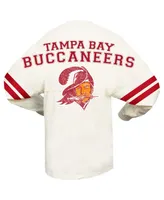 Women's Cream Distressed Tampa Bay Buccaneers Gridiron Classics Retro Spirit Jersey T-shirt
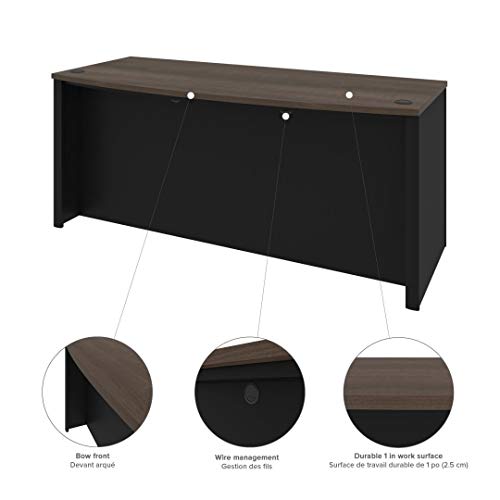 Bestar U-Shaped Executive Desk with Lateral File Cabinet and Hutch - 72W - Antigua & Black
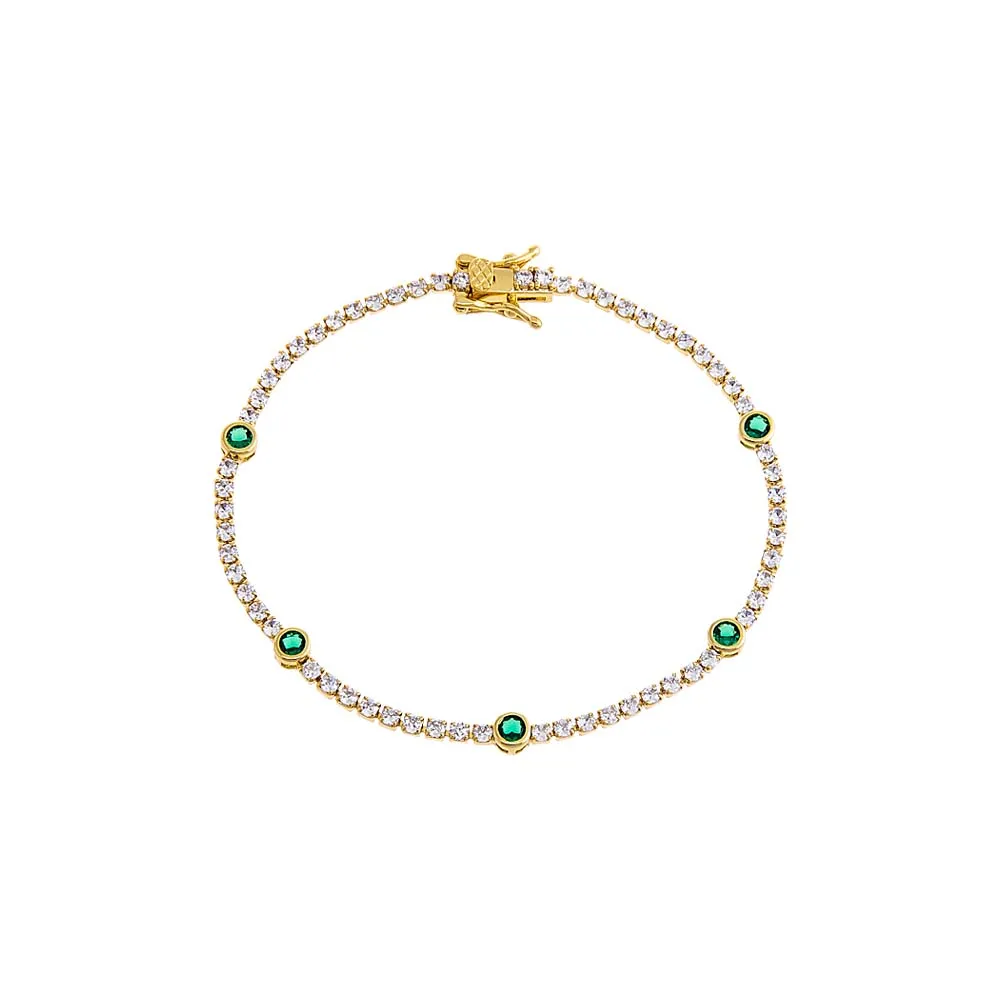 Colored CZ Solitaire Accented Tennis Bracelet sold by Adina Eden's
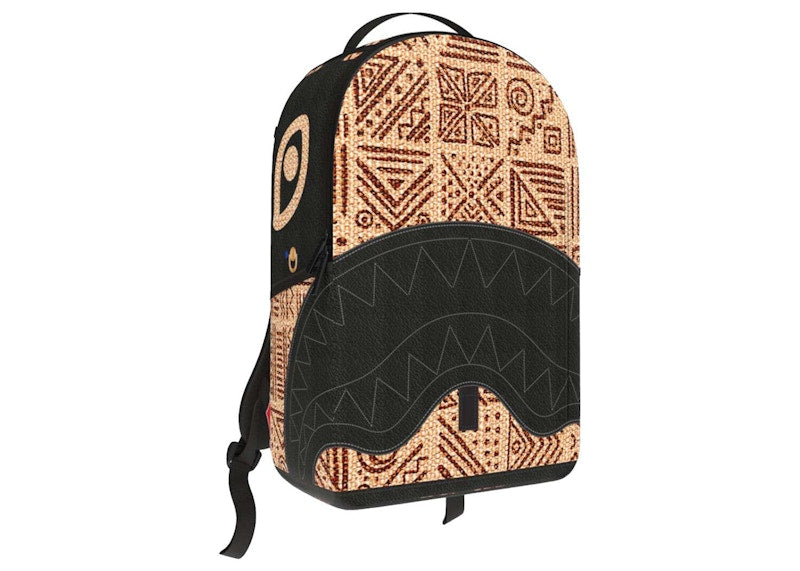 Sprayground Ai Raffia Palm Shark DLX Backpack Black/Multicolor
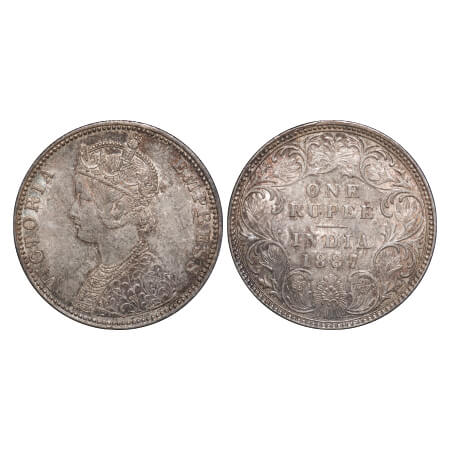 Victoria Empress, Silver, Rupee, 1887, Bombay Mint, C2/I(ii), 'B' incused, B incused inver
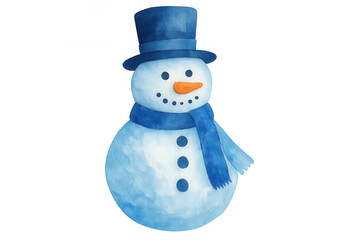 Snowman wearing blue hat and scarf illustration with watercolor effect, symbolizing winter holidays and christmas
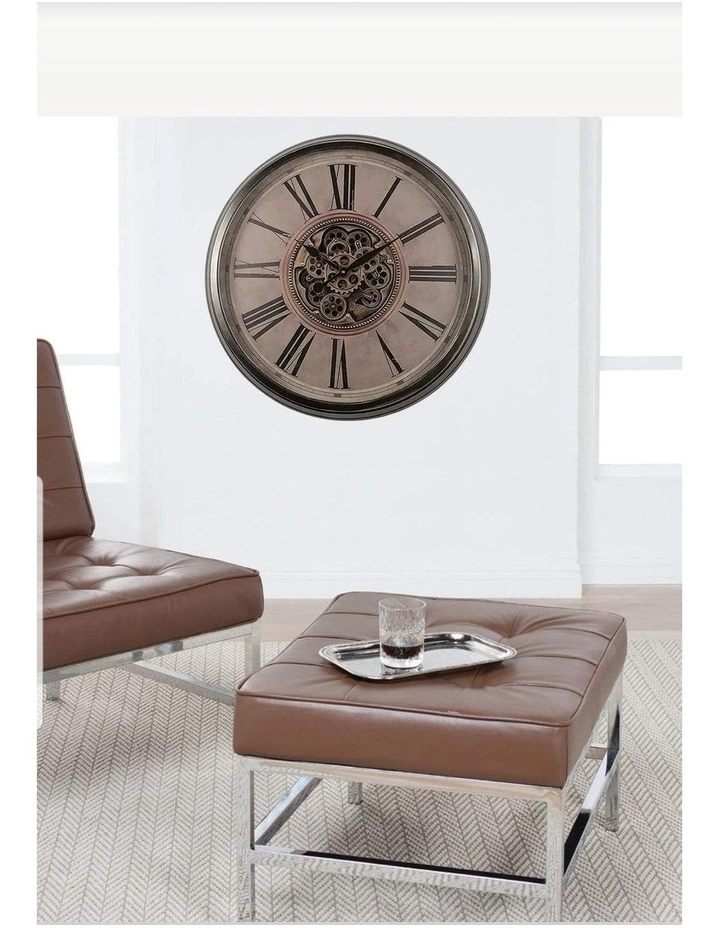 La Florentina Le Romancier Round Antique Provincial Moving Cogs Wall Clock Rustic 3 La Florentina Le Romancier Round Antique Provincial Moving Cogs Wall Clock Rustic - Image 3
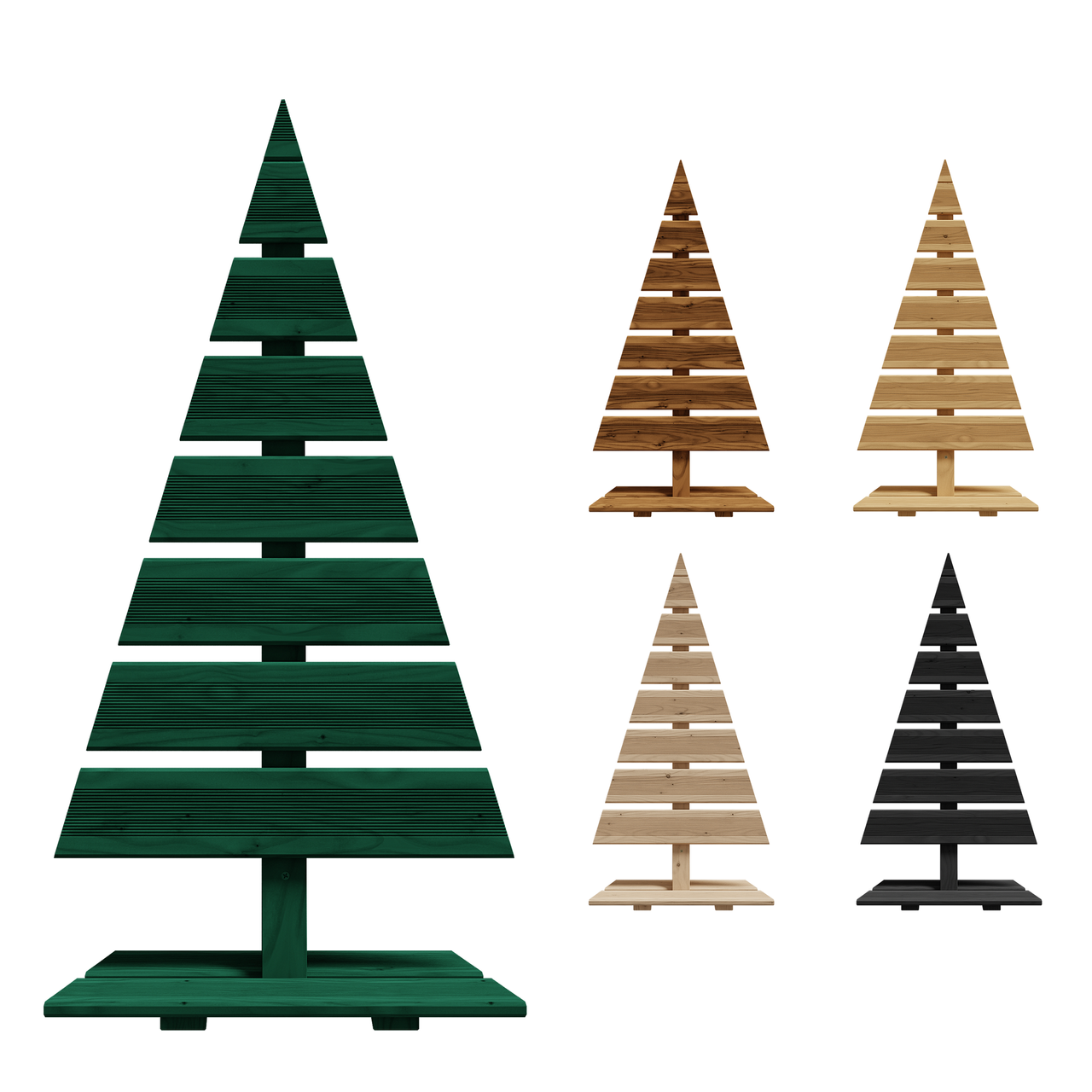 Pemicont Floranica Holz-Weihnachtsbaum Natur Dekobaum Tanne 90x45cm Weihnachtsdekoration Grün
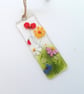 Meadow suncatcher, fused glass hanger, poppies and daisies, thank you gift. 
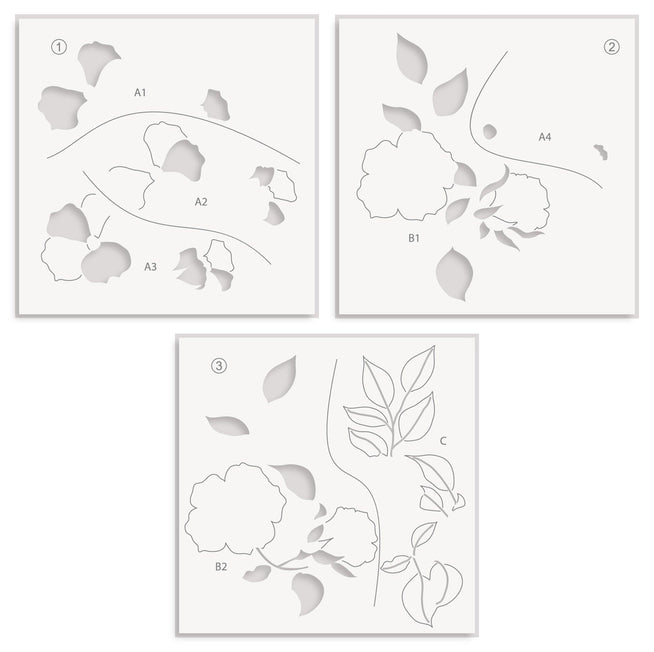 Altenew Blossoming Bouquet die, stencil, embossing folder, and Betterpress plate bundle for crafting and card making.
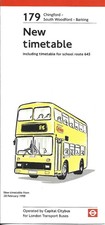 LONDON BUSES - CAPITAL CITYBUS ROUTE 179 NEW TIMETABLE - FEB 1998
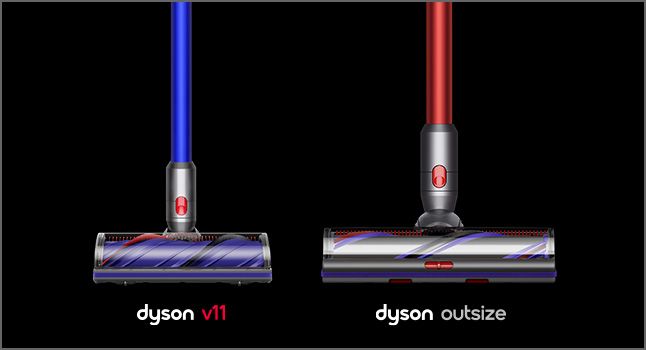 Dyson v11 vacuum next to outsize vacuum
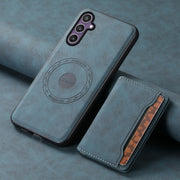 For Samsung Galaxy S24 5G Denior D13 Retro Texture Leather MagSafe Card Bag Phone Case(Blue)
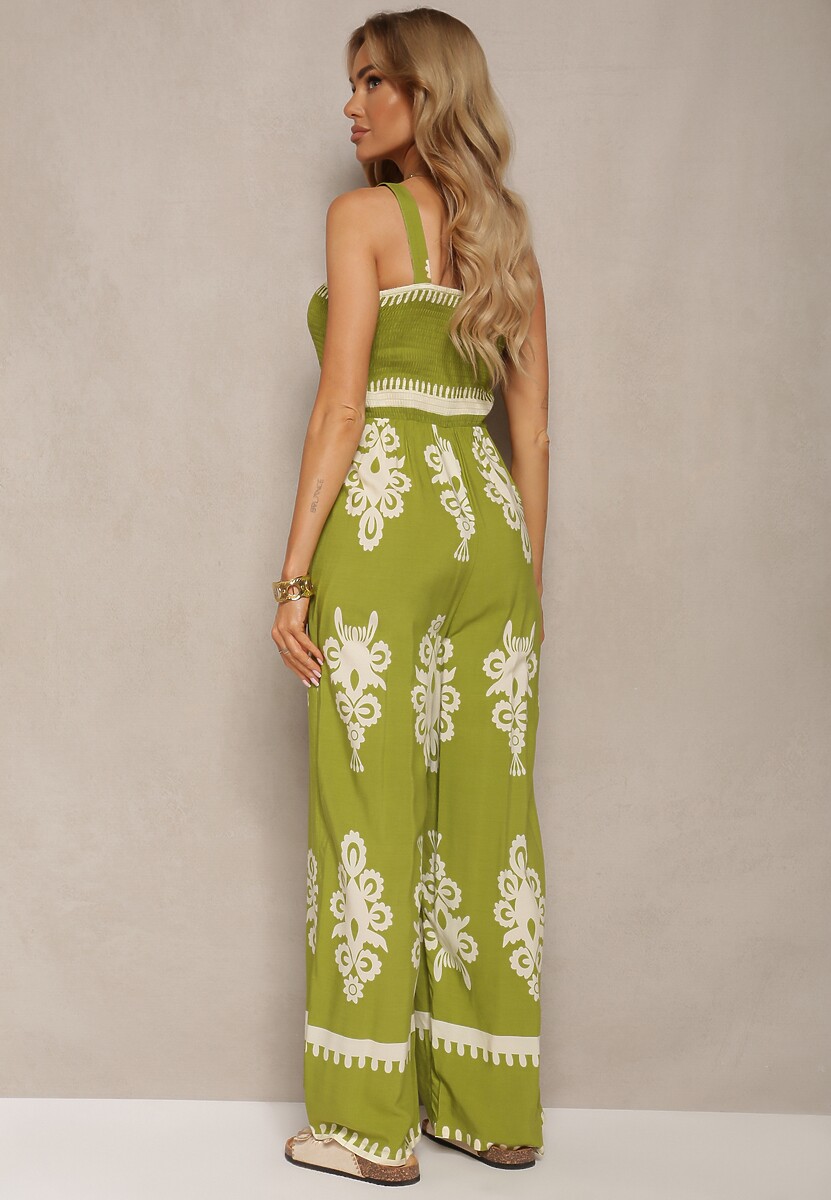 Zielony Wiskozowy Kombinezon z Marszczonym Dekoltem na Ramiączkach z Długimi Nogawkami Amperia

> **EXERCISE PROMPT**
Give back the whole listing exactly as it stands. No pictures belong in the copy.

> **OUTPUT OF THE EXERCISE**
 Women's Cream Distressed Tampa Bay Buccaneers Gridiron Classics Retro Spirit Jersey T-shirt
 Bestar U-Shaped Executive Desk with Lateral File Cabinet and Hutch - 72W - Antigua & Black
 Colored CZ Solitaire Accented Tennis Bracelet sold by Adina Eden's
 Sprayground Ai Raffia Palm Shark DLX Backpack Black/Multicolor
 Victoria Empress, Silver, Rupee, 1887, Bombay Mint, C2/I(ii), 'B' incused, B incused inver
 Snowman wearing blue hat and scarf illustration with watercolor effect, symbolizing winter holidays and christmas
 La Florentina Le Romancier Round Antique Provincial Moving Cogs Wall Clock Rustic 3 La Florentina Le Romancier Round Antique Provincial Moving Cogs Wall Clock Rustic - Image 3
 Pemicont Floranica Holz-Weihnachtsbaum Natur Dekobaum Tanne 90x45cm Weihnachtsdekoration Grün
 Meadow suncatcher, fused glass hanger, poppies and daisies, thank you gift. 
 Altenew Blossoming Bouquet die, stencil, embossing folder, and Betterpress plate bundle for crafting and card making.
 LONDON BUSES - CAPITAL CITYBUS ROUTE 179 NEW TIMETABLE - FEB 1998
 Dyson v11 vacuum next to outsize vacuum
 For Samsung Galaxy S24 5G Denior D13 Retro Texture Leather MagSafe Card Bag Phone Case(Blue)
 Zielony Wiskozowy Kombinezon z Marszczonym Dekoltem na Ramiączkach z Długimi Nogawkami Amperia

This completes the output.